Fifty percent is not always equal to fifty percent. It is a truth when the male and female population of the world is analyzed while focusing on various parameters of their equality. According to world’s population statistics, women are approximately equal in number compared to the male population. Interestingly, the female population is greater than male population in developed countries, but despite continuous social awareness through international women empowerment movements, they still suffer to be treated as equal as men. Same is true in their professional environments. Throughout the world, it is observed particularly that in most occupations, women are still unequal to men in three areas: salary, power, and status.
At Work Places
Gender-based wage or salary discrimination is defined as the difference in earnings between men and women when both of them have similar professions and qualifications. Paul Burstein in his article ‘Equal Employment Opportunity: Labor Market Discrimination and Public Policy.’ stated, “Historically, wage discrimination has favored men over similarly qualified women”. There are many reasons for this such as racism and variety of social cultures. According to the U.S. Bureau of Labor Statistics (BLS), “The gendered wage gap varies in its width among different races”. The statistical data has shown that this gap is largest in ‘Whites’ where wages earned by women are 78% of the men’s wages. The wage-gap number is 90% in case of African American and 88% in Hispanic origin. The same is quite obvious when women and men are compared to various industries and professions such as sports and film industry. As an example, to get an idea of annually earned incomes and individual’s assets, one may refer to the ‘Forbes’ lists issued every year where the male dominance is quite clear and obvious in various industries and professions.
Power and Influence
Power is another aspect where gender discrimination prevails, with women being on the lower side. Power here means the influence or control of a woman leader or employer within the work organization or professional environment. According to the report of the U.S. Bureau of Labor Statistics (BLS 2010), 76% of heads of various organizations within U.S were male in 2009. This clearly indicates that not all, but the majority of women were not able to reach the top of an organization’s hierarchy. There can be numerous reasons for this, but this is how it is.

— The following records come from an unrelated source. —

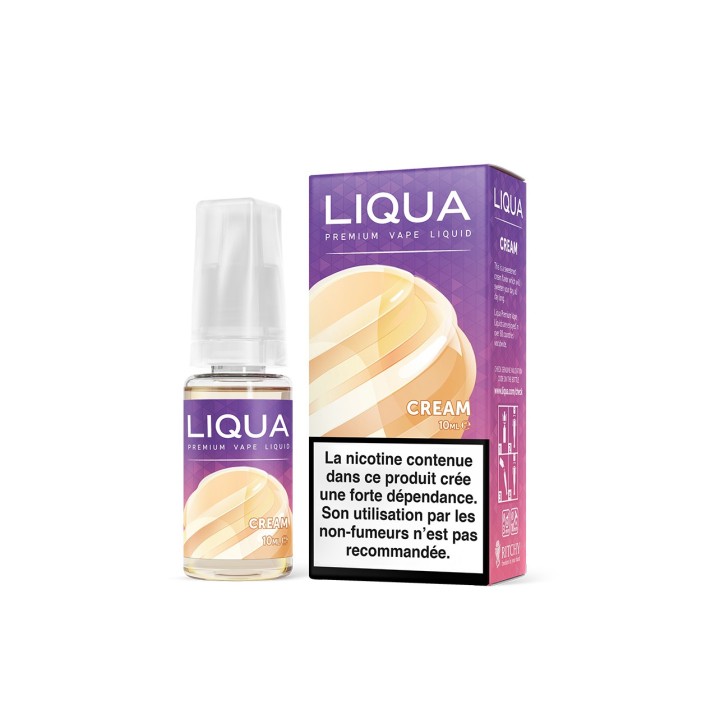 Crema LIQUA Cream 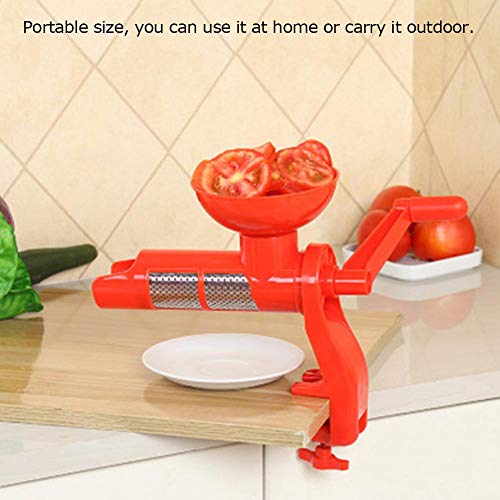 Exprimidor Portátil, Exprimidor Portátil Extraíble De Mano Multipropósito Exprimidor Extractor De Jugo De Fruta Exprimidor De Cocina Decoración Para El Hogar, Viajes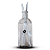 Difusor de Varetas Basic 500ml - Imagem 3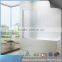 20mm Adjustment pivot shower bath screen inward/outward open                        
                                                                Most Popular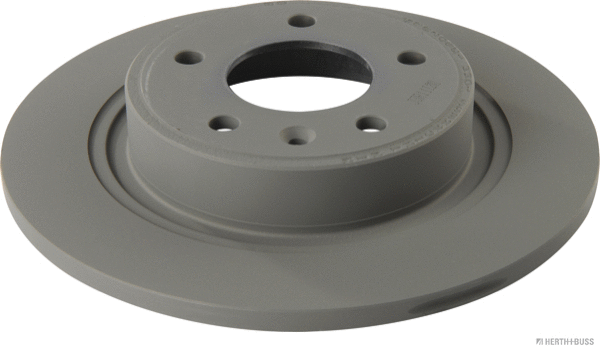 Brake Disc (J3310901)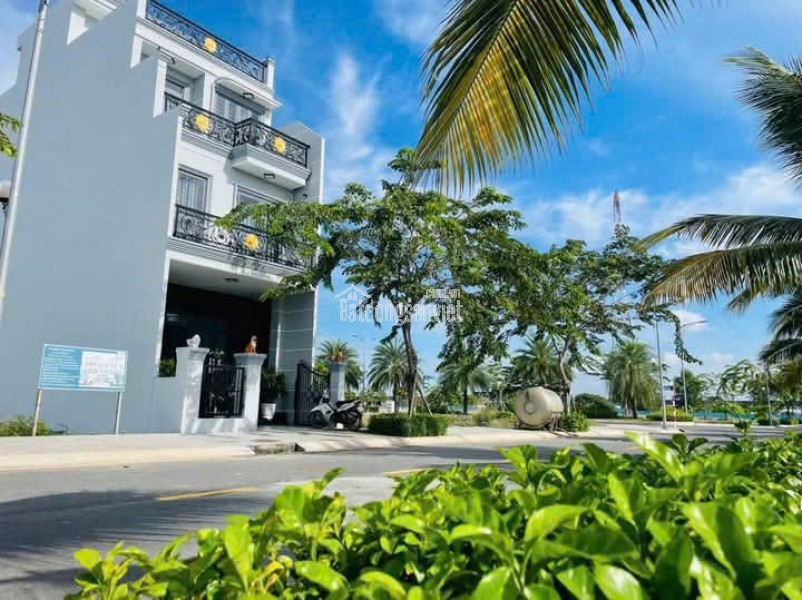 ĐẤT NỀN NGAY NÚT GIAO MỸ YÊN, Liền kề các tuyến giao thông huyết mạch: Cao tốc Bến Lức – CHỈ 1 TỶ 9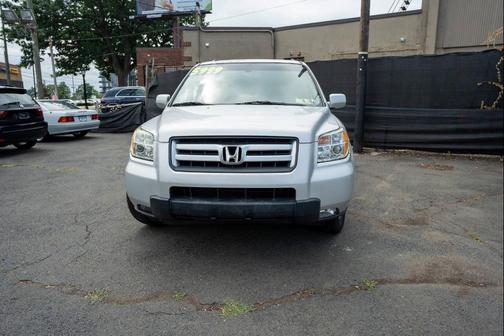 2006 Honda Pilot EX-L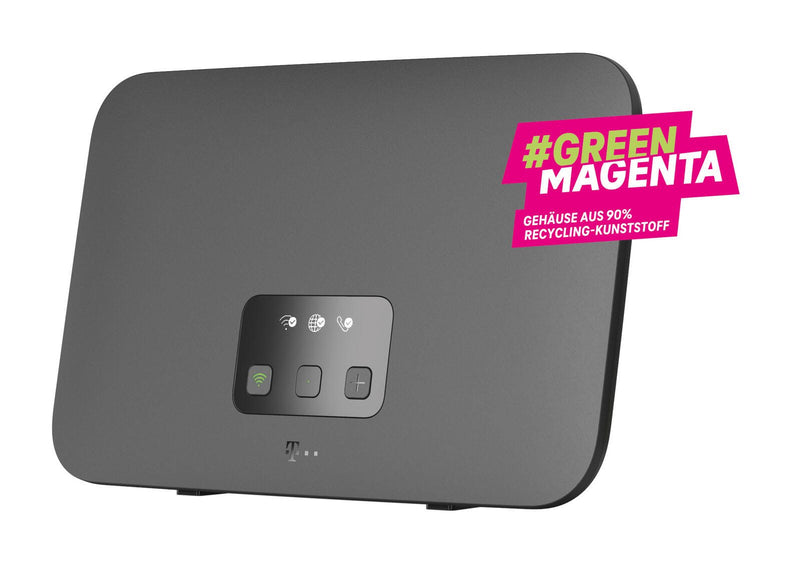 Telekom Speedport Smart 4 R Gigabit WLAN Router
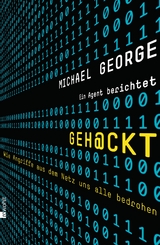 Geh@ckt - Michael George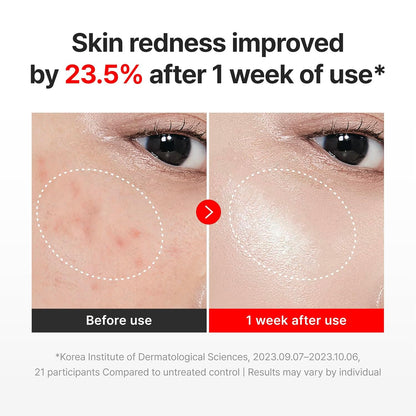 Wake Up To Plump, Glass Skin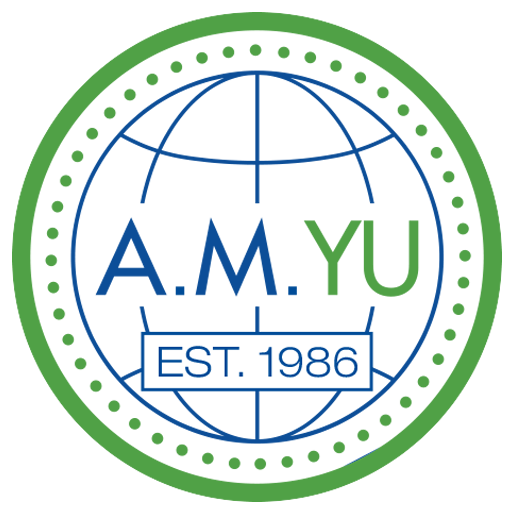 A.M. Yu & Associates logo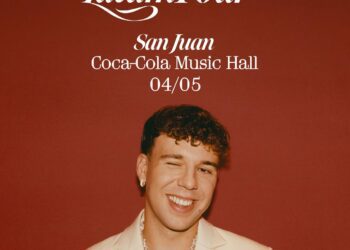 Quevedo  Regresa a Puerto Rico con nueva gira “Buenas Noches Tour”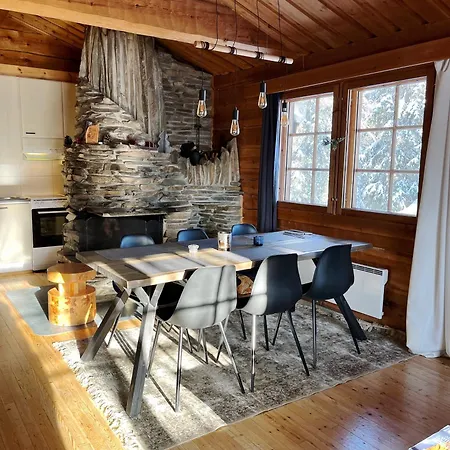 Lammensyli Appartement *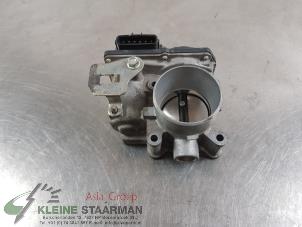 Gebruikte Gasklephuis Mazda 2 (DJ/DL) 1.5 SkyActiv-G 90 Prijs € 62,50 Margeregeling aangeboden door Kleine Staarman B.V. Autodemontage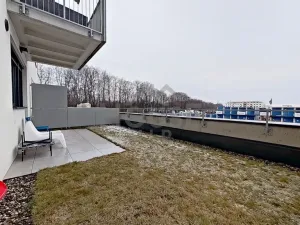 Prodej bytu 2+kk, Praha - Kbely, Sedlářova, 53 m2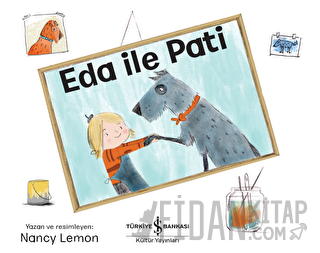 Eda İle Pati Nancy Lemon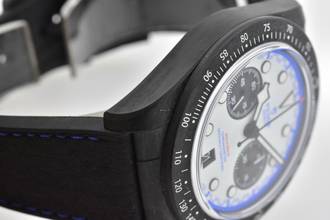 Thumbnail von Tudor Black Bay Chrono Chronograph 79377KN Carbon Limited Edition Carbon 25 Formula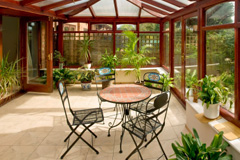 Islands Common conservatory quotes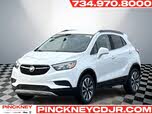 Buick Encore Preferred AWD
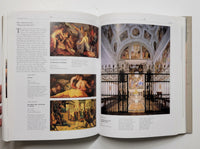 Art in Venice by Stefano Zuffi hardcover book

Finally, status in occupations and at workplaces is also a prominent area where men are dominating compared to women. Numbers of literature studies indicate that in general when being evaluated for a certain job position, it is very common that men are favored compared to women, especially if women are having children. This indicates that women, especially those having children are generally considered to take care of their families while the men are supposed as more feasible choices for long duration careers. For the majority of women, it is difficult to present best of their capabilities at both places simultaneously and this results in weak performances of women at workplaces especially after their first or second child’s birth. An experimental study conducted by Hunter College’s professor Pamela Stone indicates that 90 % of women quit their job after giving birth to their second child. This highlights that for a woman with the parental role, it is difficult to manage two jobs, one at her house while the other at her workplace. There are numerous exceptions where women simultaneously manage both, home and workplace.
To summarize, it may be stated that although women constitute the equal proportion of world’s population, they are generally not considered equal to men in their occupations. However, at the same time, while analyzing the reasons behind this, the answers are not always the negatives. Women play an equal role as men, in one way or another. The most prominent of their role is the house management where they make a tradeoff between their two jobs, at home and at the workplace. But still, it is true that women are not equally treated in their occupations for the same job or profession in terms of salary, power, and status.